Opportunities for India
WHO itself has constituted digital health and innovation ethics separate. One of the biggest challenges about many of the tools is that people who are otherwise secluded and were marginalized from the society are the ones who are likely to be not represented. John illustrates with an example. “Look at what is happening in COVID in education. Many of us have the fortunate capability to afford to be able to give our children tools to be able to do online schooling. There are people who are living in communities where they cannot afford it,” he explains.
One of the ethical aspects is exclusion or how do we include everyone. The other aspect is the algorithm biases. Quite often algorithms are built on representative population. Gallery information asymmetric also exists in Healthcare delivery. Some people have more information and some others do not and often in between the platform starts playing upon this information asymmetric.

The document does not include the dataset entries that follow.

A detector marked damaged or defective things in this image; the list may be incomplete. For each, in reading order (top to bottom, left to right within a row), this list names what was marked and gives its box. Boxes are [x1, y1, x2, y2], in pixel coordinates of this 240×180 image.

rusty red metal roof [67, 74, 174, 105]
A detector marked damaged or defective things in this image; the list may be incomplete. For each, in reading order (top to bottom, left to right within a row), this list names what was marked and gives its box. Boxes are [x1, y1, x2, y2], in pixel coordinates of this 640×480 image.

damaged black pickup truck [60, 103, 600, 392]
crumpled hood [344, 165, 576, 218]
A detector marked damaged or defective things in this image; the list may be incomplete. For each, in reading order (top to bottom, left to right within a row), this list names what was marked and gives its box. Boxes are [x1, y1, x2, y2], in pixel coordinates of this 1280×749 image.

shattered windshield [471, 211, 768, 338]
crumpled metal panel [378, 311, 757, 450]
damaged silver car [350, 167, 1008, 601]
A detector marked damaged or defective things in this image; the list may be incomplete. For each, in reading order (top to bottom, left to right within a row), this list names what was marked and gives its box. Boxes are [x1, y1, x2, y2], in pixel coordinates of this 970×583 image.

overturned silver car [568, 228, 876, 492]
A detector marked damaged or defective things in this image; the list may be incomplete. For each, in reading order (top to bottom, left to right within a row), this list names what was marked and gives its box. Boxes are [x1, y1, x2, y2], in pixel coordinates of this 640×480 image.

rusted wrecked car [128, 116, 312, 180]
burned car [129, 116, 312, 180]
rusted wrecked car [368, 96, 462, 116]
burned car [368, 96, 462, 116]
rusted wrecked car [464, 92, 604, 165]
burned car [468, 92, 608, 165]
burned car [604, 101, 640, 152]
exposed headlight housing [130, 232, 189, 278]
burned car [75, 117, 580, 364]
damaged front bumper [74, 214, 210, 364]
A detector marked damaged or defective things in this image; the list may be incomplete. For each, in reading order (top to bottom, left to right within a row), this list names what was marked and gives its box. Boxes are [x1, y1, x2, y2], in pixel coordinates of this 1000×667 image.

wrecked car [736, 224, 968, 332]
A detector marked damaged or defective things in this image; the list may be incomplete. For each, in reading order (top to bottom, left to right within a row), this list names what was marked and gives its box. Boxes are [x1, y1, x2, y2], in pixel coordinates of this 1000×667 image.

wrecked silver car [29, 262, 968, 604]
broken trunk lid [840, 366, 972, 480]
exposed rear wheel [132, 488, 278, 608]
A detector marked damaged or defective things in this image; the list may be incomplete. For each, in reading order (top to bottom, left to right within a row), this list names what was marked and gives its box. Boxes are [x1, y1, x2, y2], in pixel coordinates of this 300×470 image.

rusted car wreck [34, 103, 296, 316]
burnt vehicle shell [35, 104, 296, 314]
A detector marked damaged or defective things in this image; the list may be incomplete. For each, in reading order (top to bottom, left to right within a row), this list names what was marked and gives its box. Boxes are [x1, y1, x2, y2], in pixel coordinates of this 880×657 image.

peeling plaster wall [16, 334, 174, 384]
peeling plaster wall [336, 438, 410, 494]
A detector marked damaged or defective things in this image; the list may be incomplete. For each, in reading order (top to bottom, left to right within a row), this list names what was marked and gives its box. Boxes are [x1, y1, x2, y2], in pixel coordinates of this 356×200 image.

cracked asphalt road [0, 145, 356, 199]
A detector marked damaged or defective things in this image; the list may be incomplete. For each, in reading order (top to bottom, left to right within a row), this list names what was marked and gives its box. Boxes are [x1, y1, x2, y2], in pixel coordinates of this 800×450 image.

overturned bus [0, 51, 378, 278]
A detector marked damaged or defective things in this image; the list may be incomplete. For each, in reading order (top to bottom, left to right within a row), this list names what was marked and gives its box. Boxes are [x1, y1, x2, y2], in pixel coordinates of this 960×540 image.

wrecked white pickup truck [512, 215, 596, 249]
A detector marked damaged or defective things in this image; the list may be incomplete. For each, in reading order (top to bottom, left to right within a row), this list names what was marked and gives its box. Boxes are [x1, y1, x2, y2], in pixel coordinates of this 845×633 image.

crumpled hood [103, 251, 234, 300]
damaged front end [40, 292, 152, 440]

If for example, we are not able to deliver health services to the brick and mortar you need to have alternate mechanism. That has already been proven that alternate mechanism will emerge and it is to be exploited. This pandemic has been shown that you can do a lot of stuff that you were not doing before because of the leverage that the digital tools provide, Sarbadhikari sounds convinced.
You just cannot have an app and say that here is the solution that will manage diabetes. It needs to connect all the dots and whoever is developing the solution need to work very closely with the patients because at the end of the day compliance and utility of any of these interventions are dependent on the user engagement and how they use it. We need to understand how their work flow in a day is like and then tailor our applications and our interventions accordingly.
To sum it up, we have to look at how have some countries have done immensely well in spite of the fact that they had the pandemic very early. They did so because they were able to use real time data to act. If we have mechanism by which we can have real time data of this particular pandemic, we need to leverage the fact that we need to build our front line Health service delivery. We need to improve our screenings better as we have excellent NCB screening program in the country which is digital again. We can scale it up, integrate the data and use it for influencing as well as protective interventions. If at all there is something that we learn is the power of the data and the need for high quality clinical data. You have clinical data there is so much one can do to improve the outcomes.
You need to make sure the data is kept as secure as possible and the privacy of every individual and every citizen is kept in consideration. While doing that let’s empower our citizen to make better decisions and let us give the power of digital into their hands. This is an opportunity not to be missed. Let all of us come together and work towards improving health outcomes. Our larger objective should be how to improve the health of our nation. In our country we have approximately 30 million birth per hour. If we were to know the birth rate of the 30 million and intervene early we would have improved their IQ by several fold through early interventions.